Re: [RFC] Using DC in amdgpu for upcoming GPU

"Cheng, Tony" <tony.cheng@xxxxxxx> · Tue, 13 Dec 2016 04:14:20 -0500

On 12/13/2016 2:30 AM, Dave Airlie wrote:
(hit send too early)
We would love to upstream DC for all supported asic!  We made enough change
to make Sea Island work but it's really not validate to the extend we
validate Polaris on linux and no where close to what we do for 2017 ASICs.
With DC the display hardware programming, resource optimization, power
management and interaction with rest of system will be fully validated
across multiple OSs.  Therefore we have high confidence that the quality is
going to better than what we have upstreammed today.

I don't have a baseline to say if DC is in good enough quality for older
generation compare to upstream.  For example we don't have HW generate
bandwidth_calc for DCE 8/10 (Sea/Vocanic island family) but our code is
structured in a way that we assume bandwidth_calc is there.  None of us feel
like go untangle the formulas in windows driver at this point to create our
own version of bandwidth_calc.  It sort of work with HW default values but
some mode / config is likely to underflows.  If community is okay with
uncertain quality, sure we would love to upstream everything to reduce our
maintaince overhead.  You do get audio with DC on DCE8 though.
If we get any of this upstream, we should get all of the hw supported with it.

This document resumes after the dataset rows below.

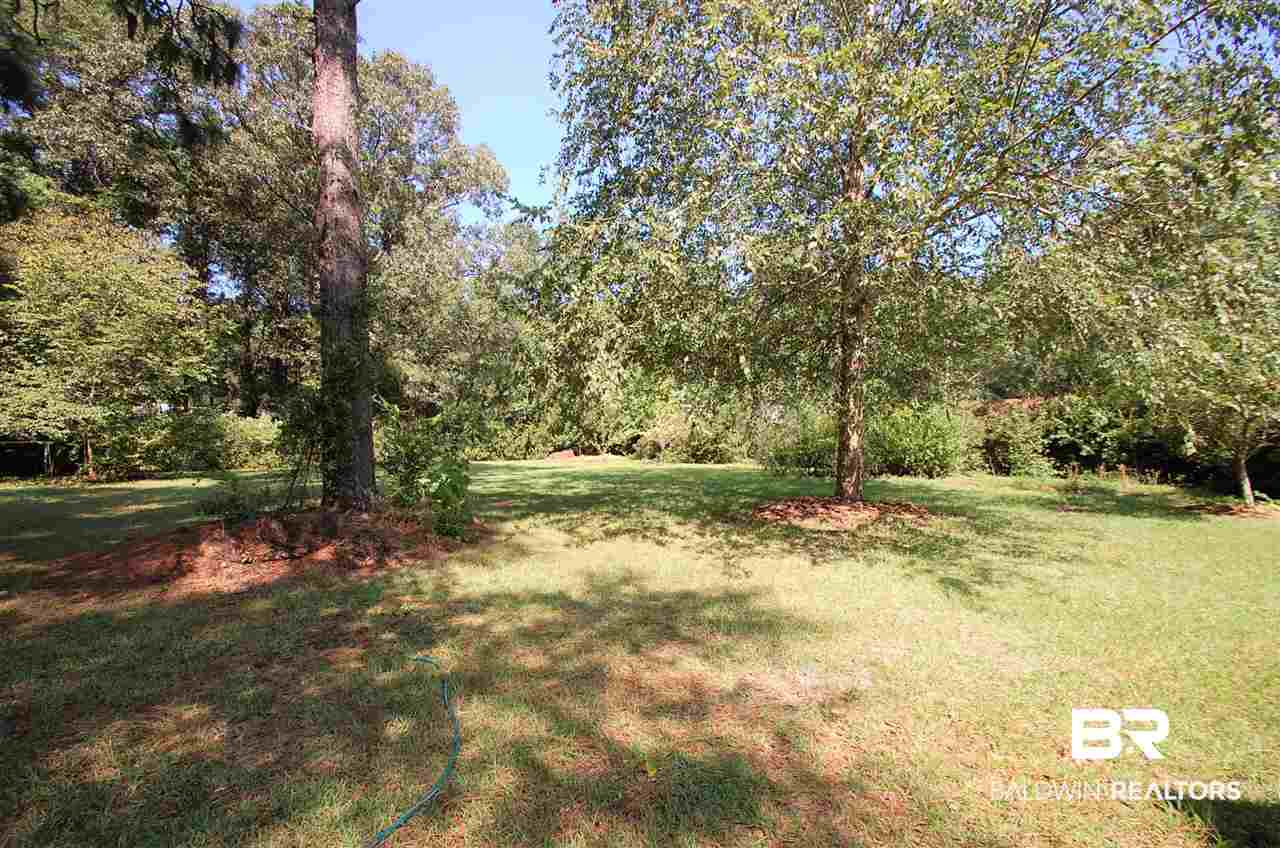 2017 Burchfield Street Mobile, AL 36618 - Photo 39 of 43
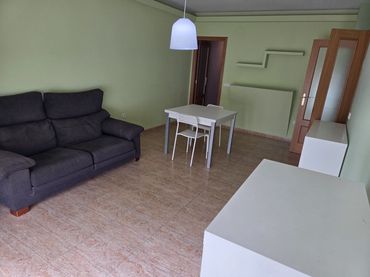 Wohnung mit Aufzug zum Verkauf in Pueblo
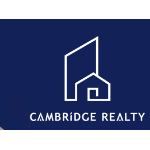 cambridgelogo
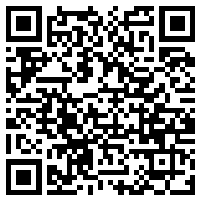 QR Code for bitcoin:bitcoin:bitcoin:bitcoin:169YnXWZZX5w67beh1NHvYbSC6Tguy3Ta9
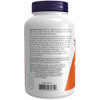 Now Foods Quercetin with Bromelain 240 VCaps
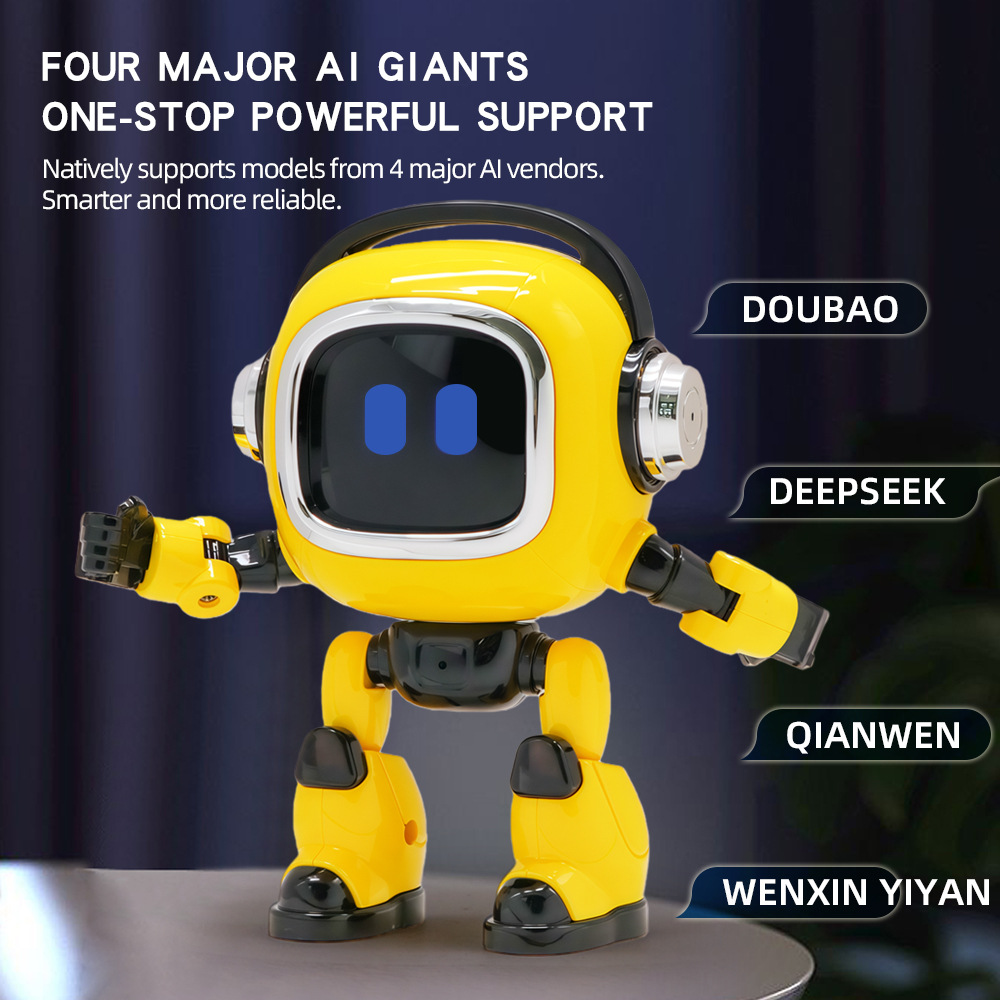 Robot de Control Remoto con Vo - Remote Control Toys reseña y precio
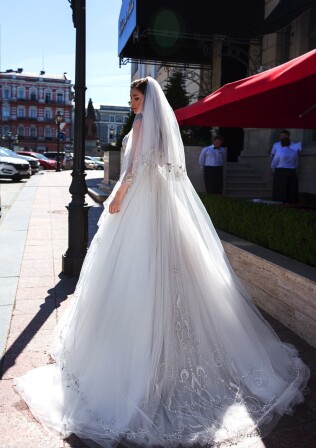 Picture V4-NB104 EN 878 - 1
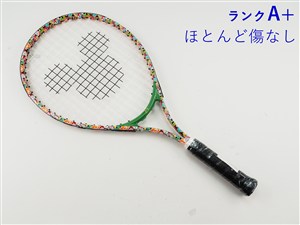 ���C���摜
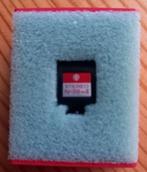 Kenwood N-39 MKII origineel, Ophalen of Verzenden, Nieuw, Platenspeler-onderdeel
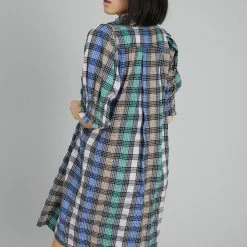 Munthe Vantasic Dress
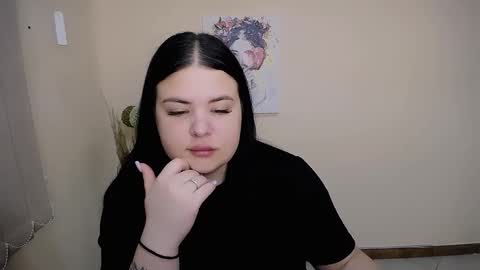 Trisha online show from 09.14.25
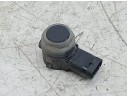 SENSOR DE APARCAMIENTO E8704015840 284381287R 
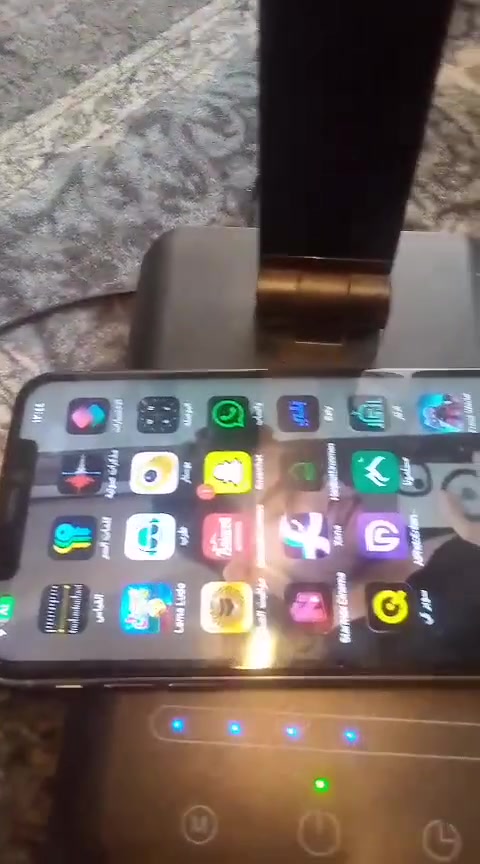 استان بث مباشر بلاجكتور قوي
3 انواع الايت أو باور شحن
سعر 40 الف


**إذا كنت صاحب هذا الإعلان وتريد حذفه لأي سبب، رجاءا أرسل رسالة إلى الدعم الفني**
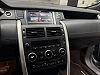 Land Rover Discovery Sport 2.2 TD4 - 16V TURBO 190 ch thumbnail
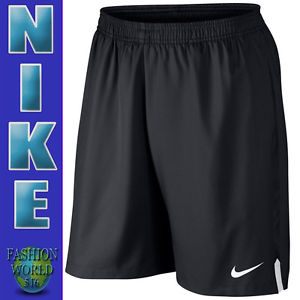 Nike Court 9 Tennis Shorts Mens 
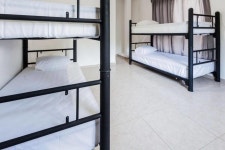 호스텔 체 툴룸 - 호텔 가격비교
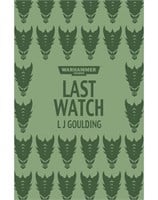 Last Watch
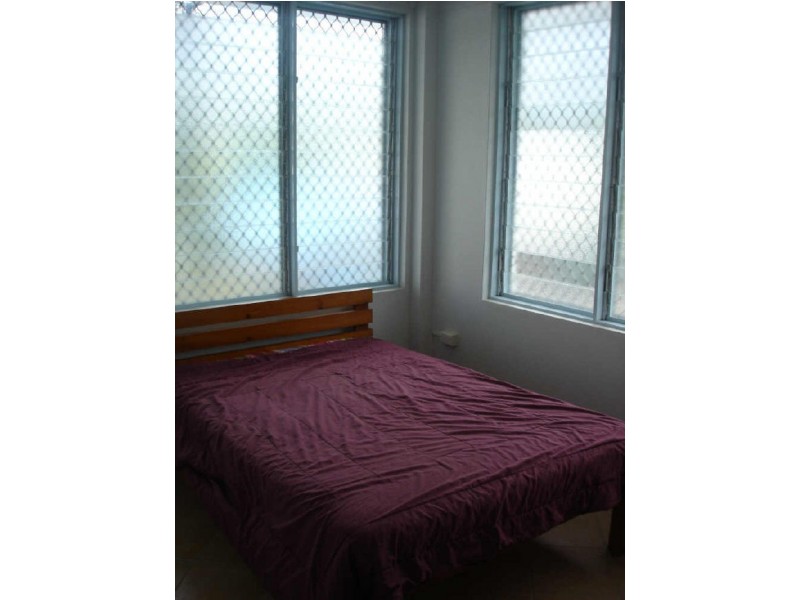 6/31 Kurrajong Cres, Nightcliff NT 0810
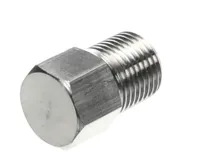 1233-022 Concordia Beverage Systems alternate view 5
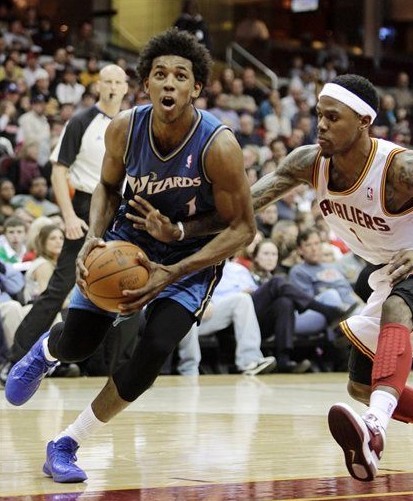 如顶两对 如顶两对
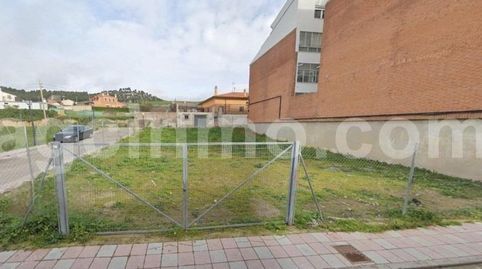 Parcela venta, imatge 4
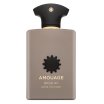 Amouage Library Collection Opus XII Rose Incense Eau de Parfum unisex 100 ml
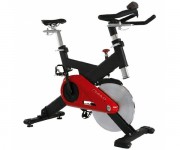 Спидбайк Finnlo Speedbike CRT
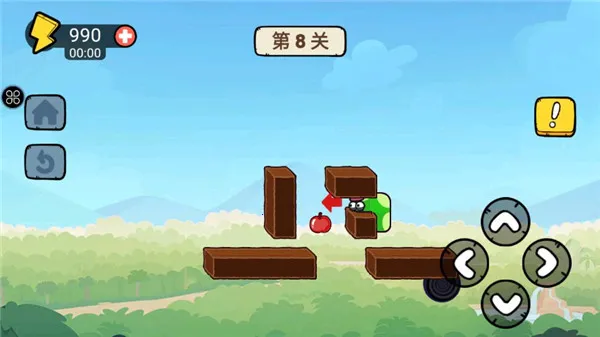 ̰�Ե�v0.0.4 ���°�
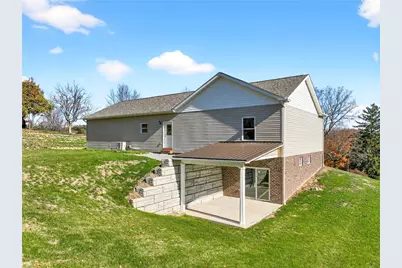 480 Matty, Rostraver, PA 15012 - Photo 4
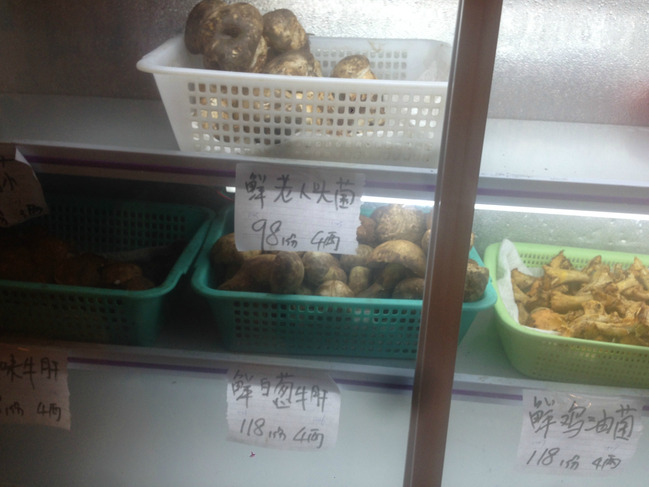 暑假云南旅游攻略8天,海南暑期云南旅游费用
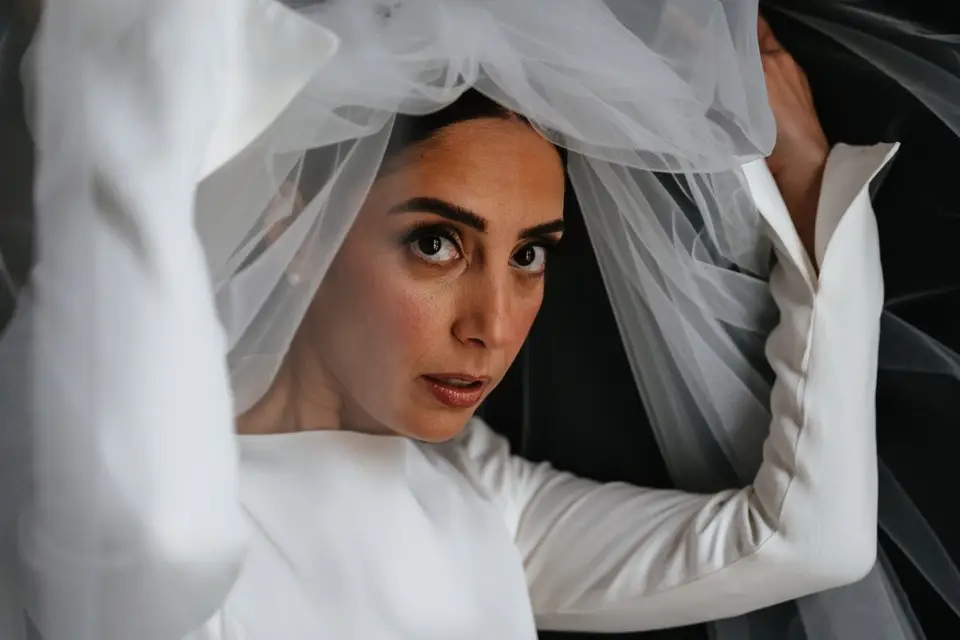 Voleur de Vie — photo 8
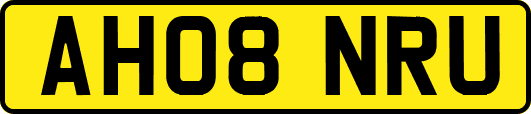 AH08NRU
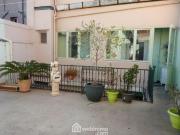Vente Appartement 3 pièces 111 m2 Sète Vente Appartement 3 pièces 111 m2 Sète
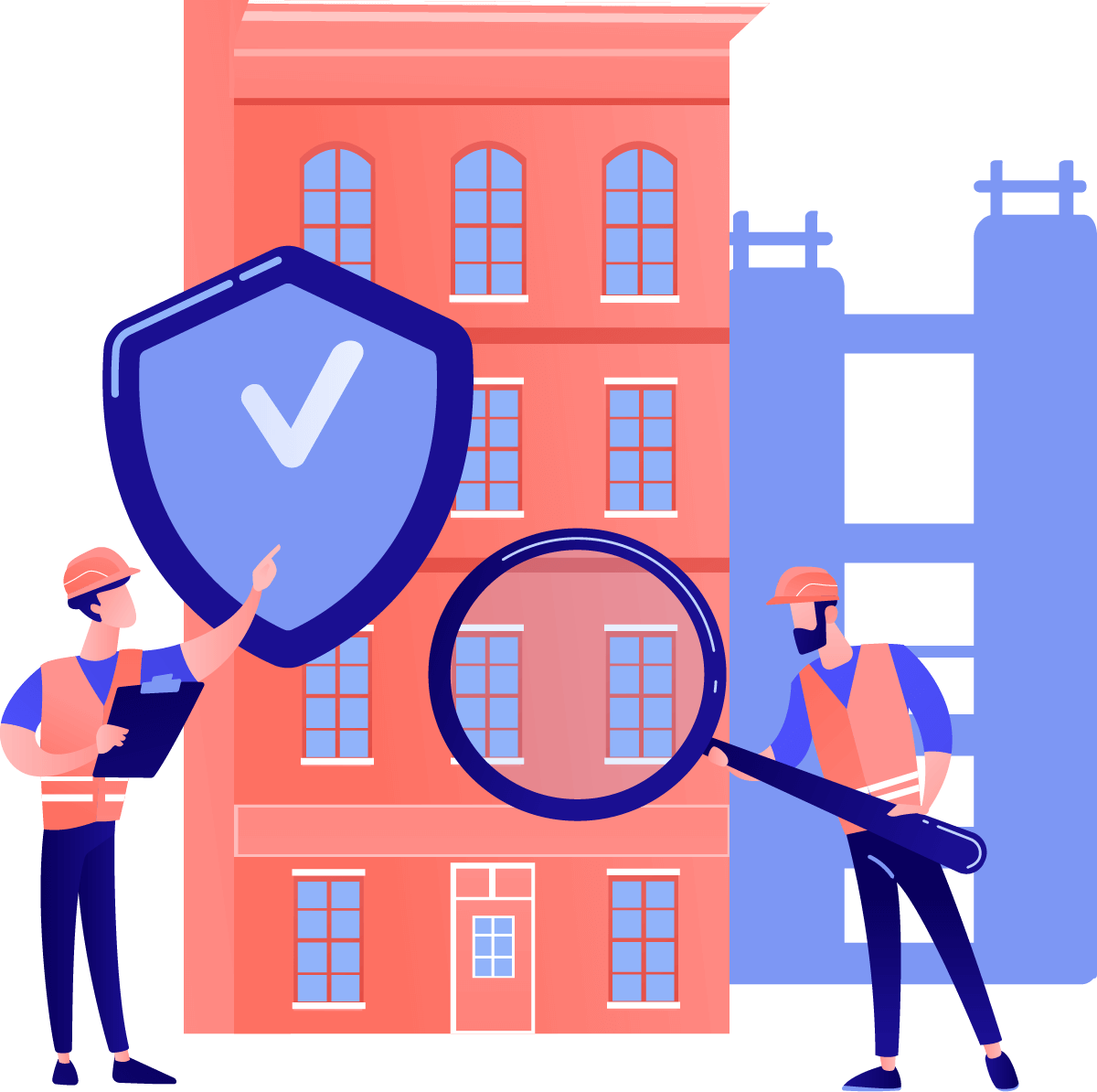 workplace-risk Assess risks in your workplace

If it regresses we just need someone to debug why.
great will do.

Maybe let me share what we are doing and see if we can come up with
something to make DC work for both upstream and our internal need.  We are
sharing code not just on Linux and we will do our best to make our code
upstream friendly.  Last year we focussed on having enough code to prove
that our DAL rewrite works and get more people contributing to it.  We rush
a bit as a result we had a few legacy component we port from Windows driver
and we know it's bloat that needed to go.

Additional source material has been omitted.